I ran into this recently too. Tried to watch Indiana Jones Temple of Doom using the Amazon app in my Roamio. It was stretched vertically, and I couldn't find a way to change it in the Amazon app. I gave up on the Tivo and used the old Amazon app that is built into my 2011-era Panasonic TV, which displayed the correct aspect ratio. The Tivo Amazon app should allow you to change aspect ratio within the app.


----------



## kedori (Mar 7, 2018)

The same thing happens when I watch Amazon video from Tivo. When I watch Amazon from my smart TV, Amazon squishes the image into letterbox. When I watch it via Tivo, Tivo stretches the picture so that people/objects seem unnaturally taller than they should be.


----------



## ThAbtO (Apr 6, 2000)

kedori said:


> The same thing happens when I watch Amazon video from Tivo. When I watch Amazon from my smart TV, Amazon squishes the image into letterbox. When I watch it via Tivo, Tivo stretches the picture so that people/objects seem unnaturally taller than they should be.

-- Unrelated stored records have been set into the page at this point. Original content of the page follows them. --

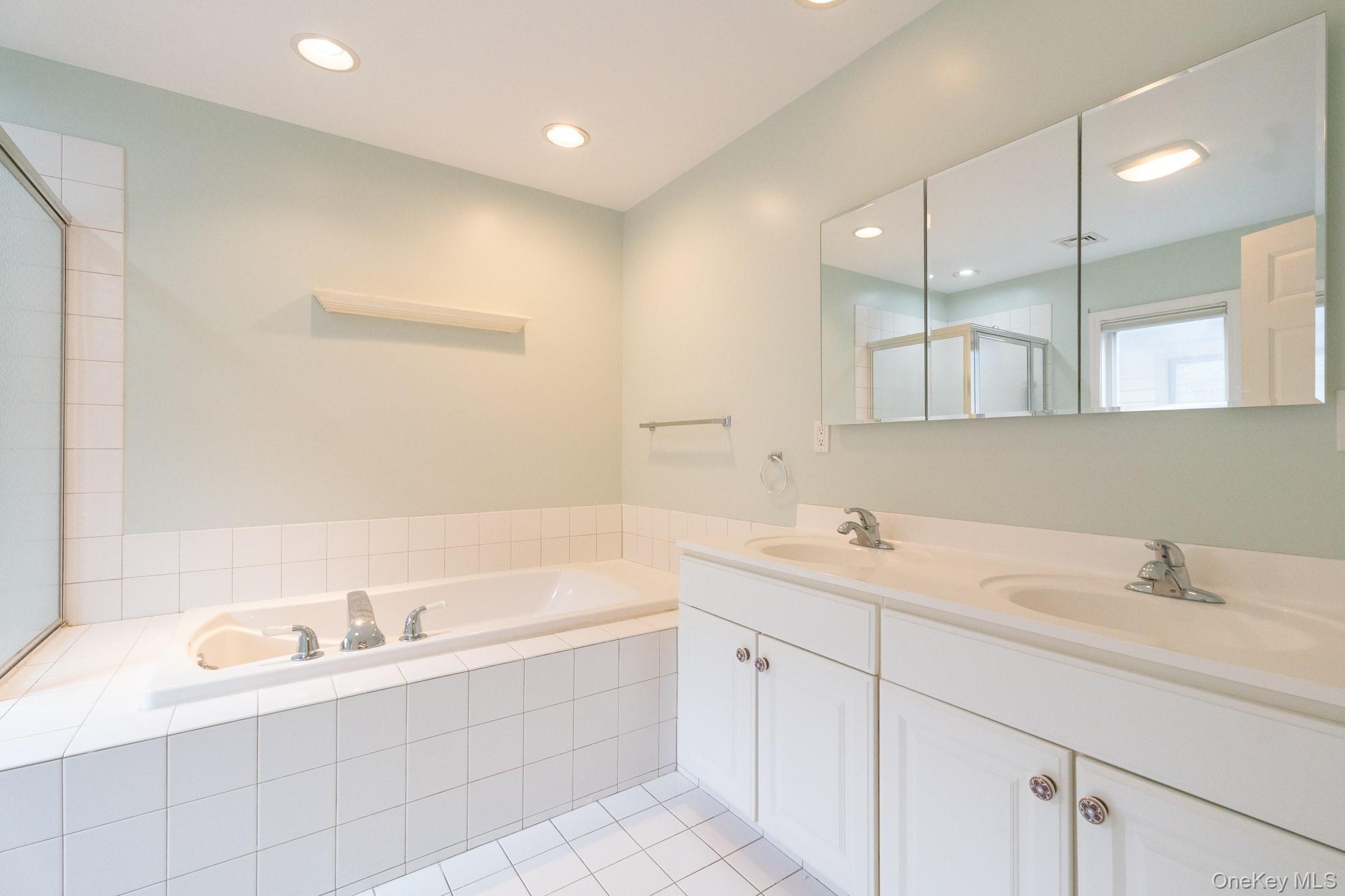 879 Heritage Hills Unit: B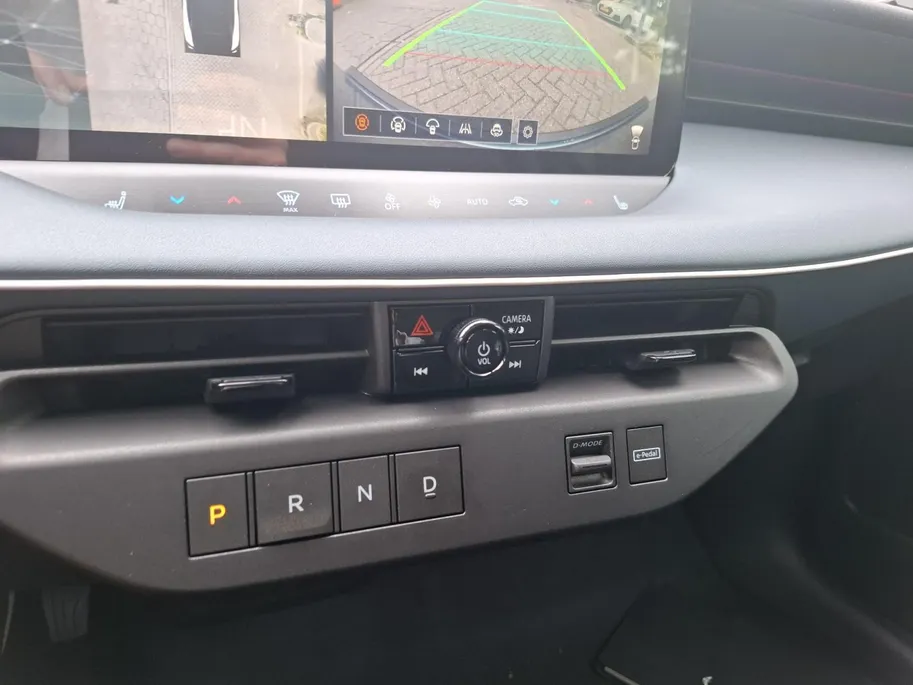 Nissan Leaf Evolve 52 kWh | RIJDEN VOERTUIG | PANODAK | PRO-PILOT | 360 GRADEN CAM | STOEL & SATUUR VERWARMD | HUD |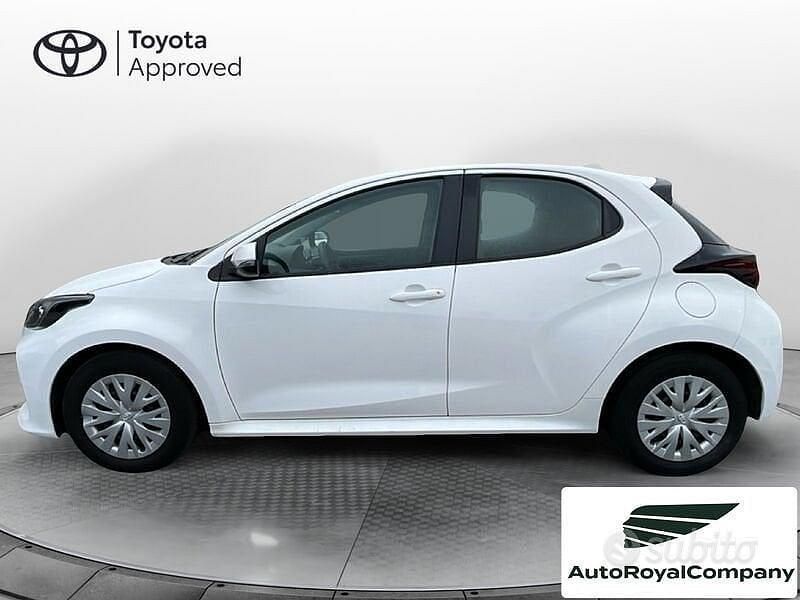 Usata Toyota Yaris Active 72 CV (52 kW) 2023 Bianco Utilitaria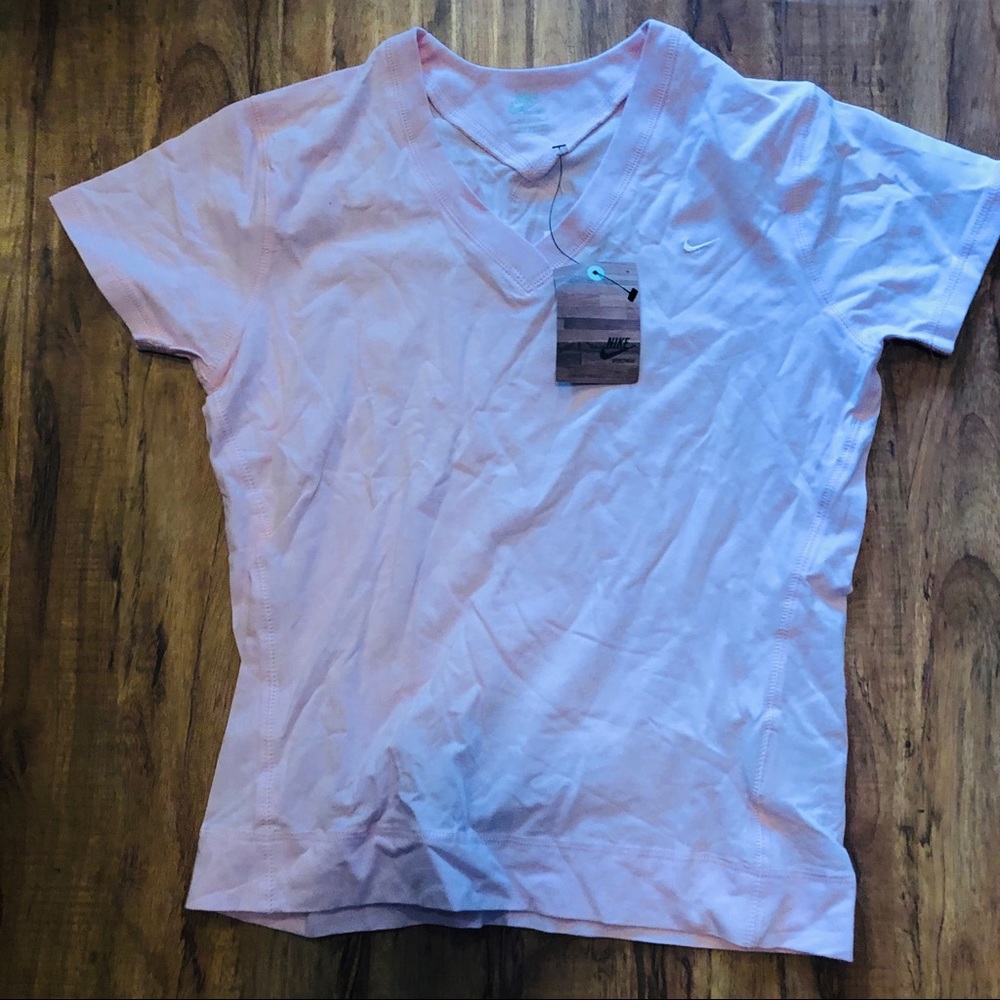 NWT Nike Women Sportswear Top Tee Shirt Medium Pin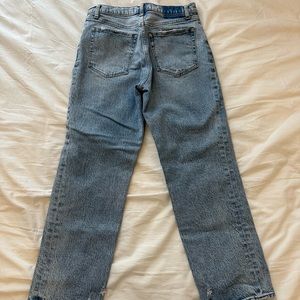 Abercrombie Ultra High Rise 90s Straight Jeans in light; size 8, 26.5” inseam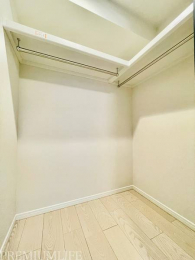 �@���b�N��I���[������A���p�i���珬���܂ŕ��L�����[�ł��܂��B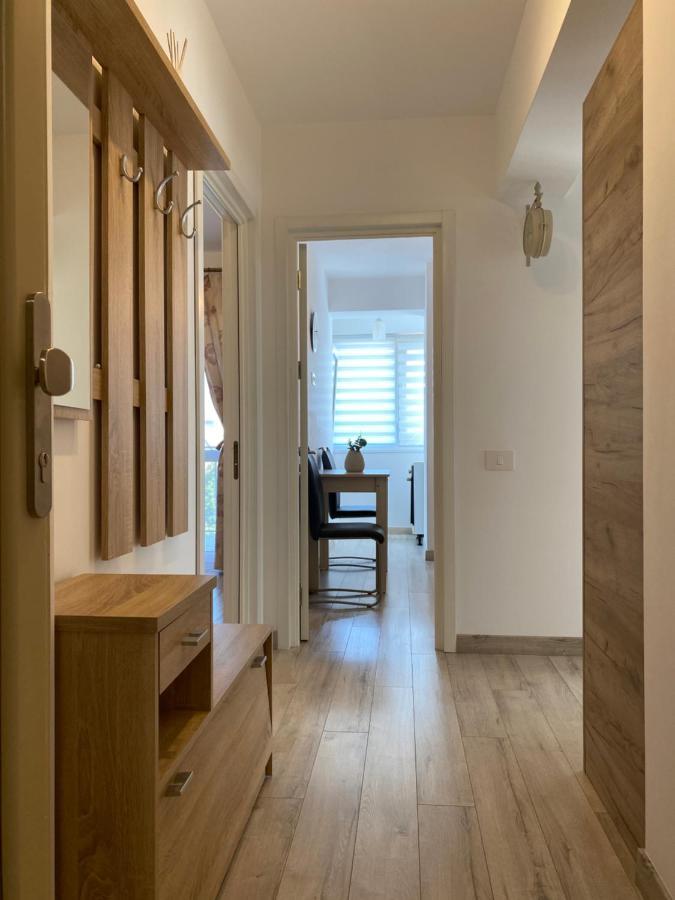 Luxury Apartments Newton By Glam Iasi Bagian luar foto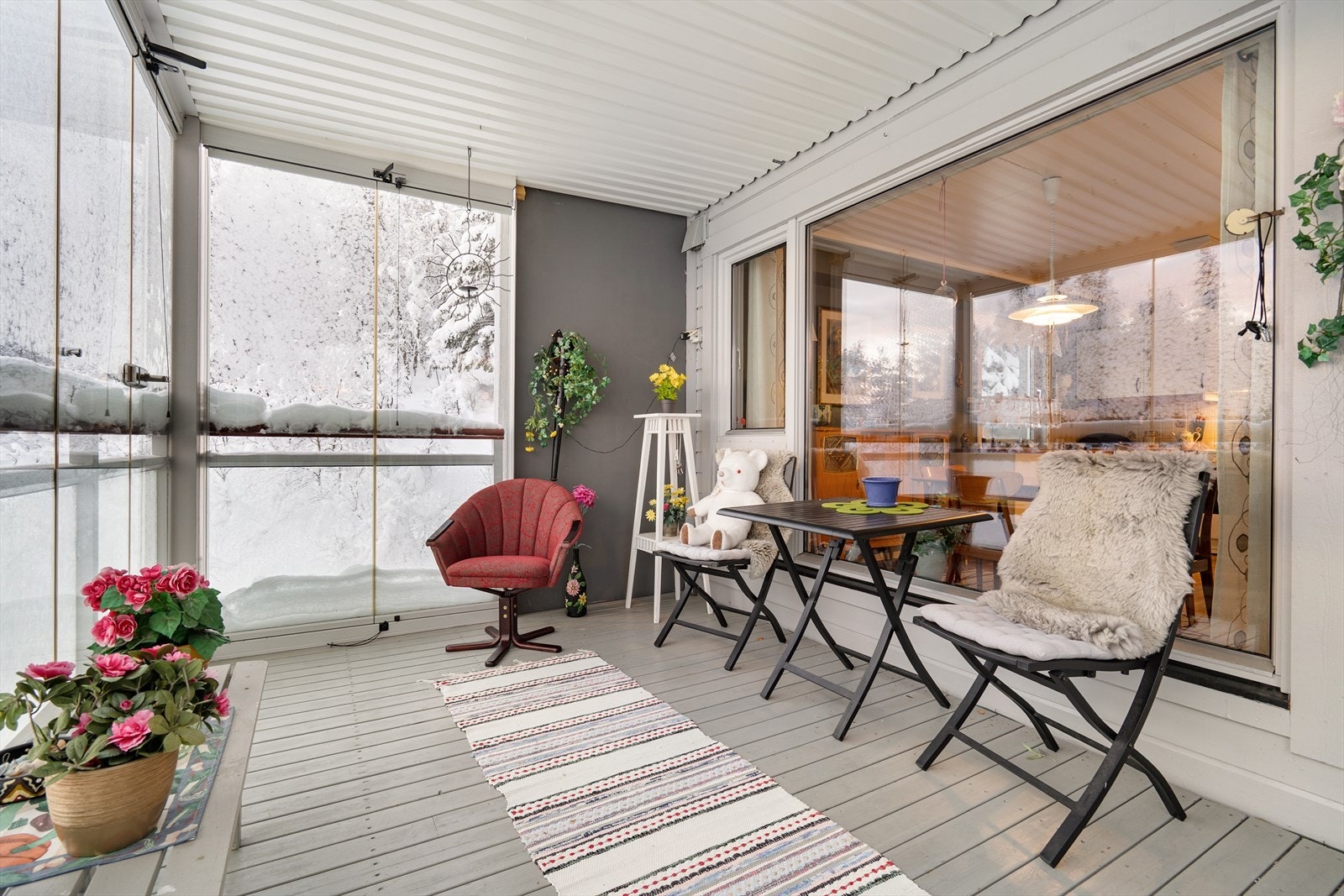 Innglasset balkong som fungerer som forlengelse av stuen på fine sommerdager. Galleribilde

TV aspect settings are independent from Tivo's. The TV may also have independent aspect settings for each of the inputs.

Tivo aspect settings need to be set *Prior* to entering any of the apps. They cannot be set within.

The best settings are: Tivo to Panel, TV to Full.

When you watch Amazon from the TV, that is independent from the Tivo. (That is one input).
Tivo would be on another input, so..... there are independent aspect settings for each input.

Added: Some TVs have a "Master" aspect ratio setting that will override the setting for those inputs, if it does, turn it off.


----------



## srbbass (Aug 7, 2008)

Thanks for your help on this. Confirming that
TiVO: Panel
TV: Dot by Dot (No full mode on my old Aquos TV)
solved this problem for me when watching Amazon videos


----------